= Expeditionary learning schools =

Expeditionary Learning Schools (ELS) are models of comprehensive school reform based on the educational ideas of German educator Kurt Hahn, the founder of Outward Bound. There are more than 150 Expeditionary Learning Schools in 30 US states and the District of Columbia. They feature project-based learning expeditions, where students engage in interdisciplinary study of compelling topics, in groups and in their community, with assessment coming through cumulative products, public presentations, and portfolios. According to the ELS website students undertake tasks requiring perseverance, fitness, craftsmanship, imagination, self-discipline, and significant achievement.

==Design principles ==
According to the ELS website, the following design principles serve as a moral and cultural foundation for each Expeditionary Learning School. They express the core values and educational philosophy of Expeditionary Learning.

- The Primacy of Self-Discovery states that learning happens best with emotion, challenge, and the requisite support. People discover their abilities, values, passions, and responsibilities in situations that offer adventure and the unexpected. The primary task of the teacher is to help students overcome their fears and discover they can do more than they thought they could.

- The Having of Wonderful Ideas places emphasis on fostering curiosity about the world by creating learning situations that provide something important to think about, time to experiment, and time to make sense of what is observed.

- The Responsibility for Learning argues that learning is both a personal process of discovery and a social activity. Therefore, every aspect of an Expeditionary Learning school encourages both children and adults to become increasingly responsible for directing their own personal and collective learning.

- Empathy and Caring believes that learning is fostered best in communities where students' and teachers' ideas are respected and where there is mutual trust. Older students often mentor younger ones, and students feel physically and emotionally safe.

- Success and Failure states the fact that all students need to be successful if they are to build the confidence and capacity to take risks and meet increasingly difficult challenges. However, it is also important for students to learn from their failures, persevere when things are hard, and learn to turn disabilities into opportunities.

- Collaboration and Competition positions Expeditionary Learning schools as integrating individual development and group development, so that the value of friendship, trust, and group action is clear. Students are encouraged to compete not against each other, but with their own personal best and with rigorous standards of excellence.

- Diversity and Inclusion believes that both diversity and inclusion increase the richness of ideas, creative power, problem-solving ability, and respect for others. Schools and learning groups are heterogeneous.

- The Natural World helps create a direct and respectful relationship with the natural world, which refreshes the human spirit and teaches the important ideas of recurring cycles and cause and effect.

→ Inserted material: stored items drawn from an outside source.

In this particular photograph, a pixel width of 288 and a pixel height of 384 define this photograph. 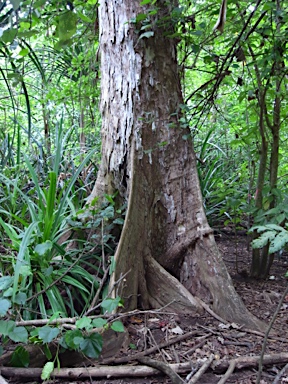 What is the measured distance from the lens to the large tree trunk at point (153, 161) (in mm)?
2787

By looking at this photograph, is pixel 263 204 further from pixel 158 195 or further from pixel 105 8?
pixel 105 8

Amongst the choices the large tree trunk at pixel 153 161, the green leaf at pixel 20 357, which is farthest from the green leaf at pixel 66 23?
the large tree trunk at pixel 153 161

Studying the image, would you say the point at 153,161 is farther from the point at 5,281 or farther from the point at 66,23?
the point at 66,23

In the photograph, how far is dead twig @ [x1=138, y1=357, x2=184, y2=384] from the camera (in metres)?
1.86

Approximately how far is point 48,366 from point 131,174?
56.3 inches

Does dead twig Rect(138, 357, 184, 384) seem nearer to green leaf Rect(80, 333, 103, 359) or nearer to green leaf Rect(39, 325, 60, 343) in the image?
green leaf Rect(80, 333, 103, 359)

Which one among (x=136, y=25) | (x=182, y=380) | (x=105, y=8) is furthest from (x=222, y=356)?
(x=105, y=8)

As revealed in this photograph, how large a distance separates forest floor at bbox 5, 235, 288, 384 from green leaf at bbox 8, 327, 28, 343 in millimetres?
269

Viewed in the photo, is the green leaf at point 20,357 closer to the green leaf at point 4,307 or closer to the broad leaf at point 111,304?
the green leaf at point 4,307

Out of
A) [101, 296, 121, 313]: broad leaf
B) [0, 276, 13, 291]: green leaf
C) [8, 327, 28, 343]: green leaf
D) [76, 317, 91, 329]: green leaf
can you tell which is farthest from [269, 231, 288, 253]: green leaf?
[0, 276, 13, 291]: green leaf

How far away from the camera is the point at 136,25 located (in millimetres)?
2938

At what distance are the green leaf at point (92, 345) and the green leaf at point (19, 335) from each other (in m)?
0.27

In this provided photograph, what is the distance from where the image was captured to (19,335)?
1.79 m

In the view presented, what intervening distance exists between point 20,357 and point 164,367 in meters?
0.73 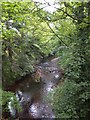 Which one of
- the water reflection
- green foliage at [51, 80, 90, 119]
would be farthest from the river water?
green foliage at [51, 80, 90, 119]

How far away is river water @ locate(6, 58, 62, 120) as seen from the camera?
8.42 ft

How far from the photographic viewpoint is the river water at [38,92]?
2.57m

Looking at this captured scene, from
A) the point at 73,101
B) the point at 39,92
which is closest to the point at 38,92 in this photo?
the point at 39,92

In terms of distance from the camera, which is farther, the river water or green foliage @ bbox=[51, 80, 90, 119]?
the river water

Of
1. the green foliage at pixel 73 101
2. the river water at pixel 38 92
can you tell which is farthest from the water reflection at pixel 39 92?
the green foliage at pixel 73 101

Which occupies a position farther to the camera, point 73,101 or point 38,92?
point 38,92

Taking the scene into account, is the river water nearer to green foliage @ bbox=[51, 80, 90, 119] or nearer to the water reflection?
the water reflection

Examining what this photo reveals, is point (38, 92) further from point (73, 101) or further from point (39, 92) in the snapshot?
point (73, 101)

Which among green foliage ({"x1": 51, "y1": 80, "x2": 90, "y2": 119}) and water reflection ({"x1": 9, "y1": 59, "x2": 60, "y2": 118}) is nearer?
green foliage ({"x1": 51, "y1": 80, "x2": 90, "y2": 119})

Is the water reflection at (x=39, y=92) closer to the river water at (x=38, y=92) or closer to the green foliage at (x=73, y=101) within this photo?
the river water at (x=38, y=92)

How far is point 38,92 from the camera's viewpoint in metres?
3.19

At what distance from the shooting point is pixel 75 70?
6.32 feet

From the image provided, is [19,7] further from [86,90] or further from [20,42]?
[20,42]

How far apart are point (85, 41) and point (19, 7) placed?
62 cm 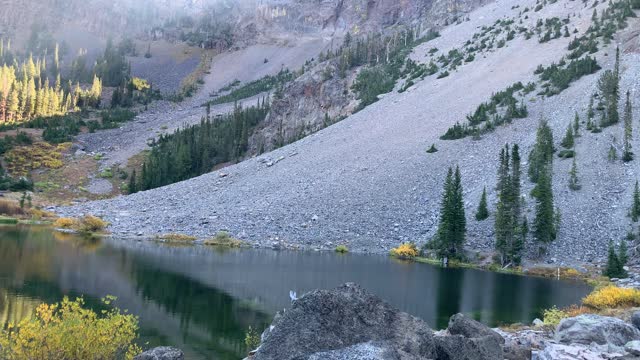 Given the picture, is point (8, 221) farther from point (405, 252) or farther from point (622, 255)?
point (622, 255)

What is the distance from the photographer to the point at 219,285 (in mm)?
34812

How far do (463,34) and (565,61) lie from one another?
3786 cm

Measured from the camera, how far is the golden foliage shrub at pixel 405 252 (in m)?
55.6

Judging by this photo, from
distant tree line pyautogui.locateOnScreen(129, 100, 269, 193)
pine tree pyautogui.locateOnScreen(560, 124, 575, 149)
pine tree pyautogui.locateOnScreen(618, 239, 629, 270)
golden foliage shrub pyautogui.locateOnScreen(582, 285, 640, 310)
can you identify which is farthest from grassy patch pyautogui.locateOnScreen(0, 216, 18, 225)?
pine tree pyautogui.locateOnScreen(560, 124, 575, 149)

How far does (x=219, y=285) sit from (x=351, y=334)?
26.2 meters

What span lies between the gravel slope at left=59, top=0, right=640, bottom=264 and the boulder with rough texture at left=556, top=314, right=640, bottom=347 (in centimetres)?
3525

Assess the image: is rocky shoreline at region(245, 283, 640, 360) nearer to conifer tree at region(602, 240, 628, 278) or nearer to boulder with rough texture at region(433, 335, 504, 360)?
boulder with rough texture at region(433, 335, 504, 360)

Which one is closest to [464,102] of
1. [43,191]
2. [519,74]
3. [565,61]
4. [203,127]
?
[519,74]

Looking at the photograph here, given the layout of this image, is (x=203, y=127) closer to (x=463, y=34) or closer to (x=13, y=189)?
(x=13, y=189)

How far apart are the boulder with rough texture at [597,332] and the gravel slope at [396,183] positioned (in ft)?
116

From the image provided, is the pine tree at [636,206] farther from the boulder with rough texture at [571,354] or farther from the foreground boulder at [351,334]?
the foreground boulder at [351,334]

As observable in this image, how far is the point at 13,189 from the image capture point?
92625 millimetres

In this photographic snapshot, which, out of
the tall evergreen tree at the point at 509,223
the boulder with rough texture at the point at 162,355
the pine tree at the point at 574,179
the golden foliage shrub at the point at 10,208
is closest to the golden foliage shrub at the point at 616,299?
the boulder with rough texture at the point at 162,355

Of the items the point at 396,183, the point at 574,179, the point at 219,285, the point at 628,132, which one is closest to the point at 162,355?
the point at 219,285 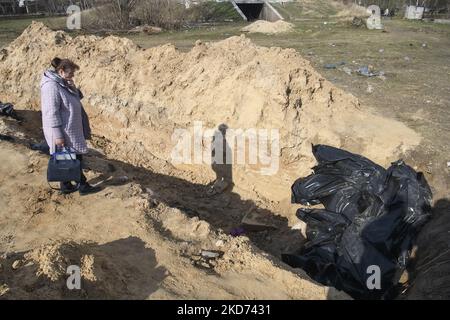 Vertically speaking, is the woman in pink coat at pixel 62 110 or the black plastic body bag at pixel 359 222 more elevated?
the woman in pink coat at pixel 62 110

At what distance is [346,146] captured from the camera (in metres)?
6.55

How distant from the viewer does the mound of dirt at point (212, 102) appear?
671cm

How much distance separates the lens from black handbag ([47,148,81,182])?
495 centimetres

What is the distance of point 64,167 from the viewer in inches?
195

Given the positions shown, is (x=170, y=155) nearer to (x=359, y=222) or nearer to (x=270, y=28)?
(x=359, y=222)

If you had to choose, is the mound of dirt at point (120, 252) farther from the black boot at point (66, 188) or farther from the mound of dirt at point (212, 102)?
the mound of dirt at point (212, 102)

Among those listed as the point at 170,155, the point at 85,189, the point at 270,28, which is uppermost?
the point at 270,28

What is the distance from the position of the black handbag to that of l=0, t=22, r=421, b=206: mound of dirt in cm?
252

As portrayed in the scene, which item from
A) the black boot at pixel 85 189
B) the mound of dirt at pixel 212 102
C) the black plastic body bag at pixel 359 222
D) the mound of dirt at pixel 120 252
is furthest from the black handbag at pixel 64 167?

Students learn to become stewards of the earth and of future generations.

- Solitude and Reflection argues that students and teachers need time alone to explore their own thoughts, make their own connections, and create their own ideas. They also need time to exchange their reflections with other students and with adults.

- Service and Compassion places emphasis on strengthening students and teachers through acts of consequential service to others. One of an Expeditionary Learning school's primary functions is to prepare students with the attitudes and skills to learn from and be of service.

==Expeditionary Learning Schools Outward Bound==
The organization Expeditionary Learning (EL) is the primary organization working with schools to design and implement their programs. EL provides schools with curricular and instructional frameworks, along with strategies to change the culture of school communities. EL develops new schools and helps existing ones transition, entering into multi-year contracts with schools and school districts.

==History==
In 1992, Outward Bound's Expeditionary Learning proposal was one of 11 selected for funding from almost 800 solicited by the New American Schools Development Corporation (NASDC) for comprehensive school reform (citation: ELS website). ELS was launched in 1993 with 10 demonstration schools in five US cities: New York City; Boston; Portland, ME; Denver; and Dubuque, IA.

==Results==
The Rand Corporation, The American Institutes for Research, The National Staff Development Council, and The Center for Research on the Education of Students Placed At Risk (CRESPAR) have all evaluated ELS models and practices and cite positive outcomes such as higher student achievement, participation, and a more positive and productive school culture. The 2002 CRESPAR analysis of 29 comprehensive school reform models awarded ELS the highest rating given to any model created in the previous ten years. In February 2009, President Barack Obama visited Capital City Public Charter School, an Expeditionary Learning School in Washington, DC, and said the school "is an example of how all our schools should be."